ServiceNow is angling for a bigger slice of the enterprise AI market with this partnership. Back in January, it bumped up its collaborations with OpenAI and Anthropic, also tying its platform into Microsoft’s agent tools. The focus: governance and orchestration—core selling points for the large enterprise crowd.

ServiceNow Chairman and CEO Bill McDermott put it bluntly: AI agents demand “audit-grade proof at every step.” Cohesity CEO Sanjay Poonen, for his part, argued resilience can’t just be “an afterthought.” ServiceNow says its platform manages and coordinates agents throughout the enterprise. Cohesity’s technology, meanwhile, is built to roll data back to a verified baseline if there’s ever a disruption. ServiceNow Newsroom

It’s a busy field. Both ServiceNow and Salesforce are stacking up AI features and snapping up companies, responding to customer demand for more automation. ServiceNow, for its part, keeps doubling down on security and workflow automation, picking up Moveworks, Armis, and Veza along the way.
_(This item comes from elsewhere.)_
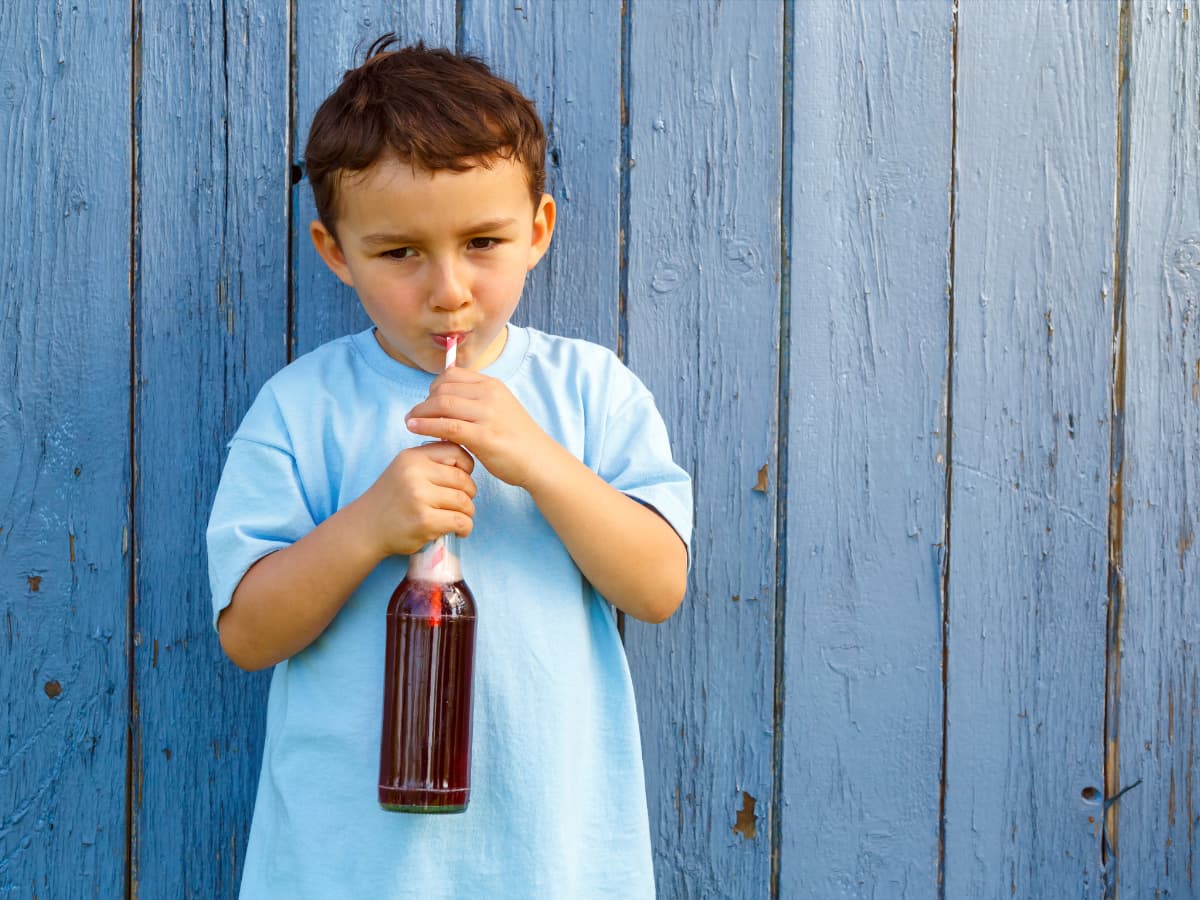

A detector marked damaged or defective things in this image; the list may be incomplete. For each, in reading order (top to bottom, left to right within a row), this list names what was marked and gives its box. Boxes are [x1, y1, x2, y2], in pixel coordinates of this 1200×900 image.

paint chip [748, 465, 768, 494]
paint chip [729, 792, 758, 844]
ServiceNow’s partnership is just part of a bigger spending spree and dealmaking streak. Back in January, the company put out a 2026 subscription revenue forecast—$15.53 billion to $15.57 billion—that topped what Wall Street was looking for. ServiceNow also pointed to fresh agreements that are stretching its reach in AI and security. “ServiceNow was growing both organically and by acquisition to expand its market opportunity,” Valoir CEO Rebecca Wettemann said at the time. Reuters

The returns here are far from guaranteed. Those new features aren’t coming until later this year, and investors have lingering doubts about AI’s impact—will it bolster the big software players or threaten their turf? This month, Peter Tuz, president of Chase Investment Counsel, said investors still want evidence that AI won’t “fundamentally hurt the business” for certain software companies. ServiceNow Newsroom

ServiceNow dropped roughly 3.2% in morning trade Tuesday. Salesforce lost around 2.0%. Oracle edged lower, off about 0.4%. The moves point more to wider softness across enterprise software than any direct hit from the announcement itself.

ServiceNow, which handles automation for enterprise workflows and IT ops, has ramped up its AI alliances in a bid to stay ahead of the new wave of autonomous AI agents. Software stocks have been sliding broadly, adding pressure, but the company is sticking to its strategy.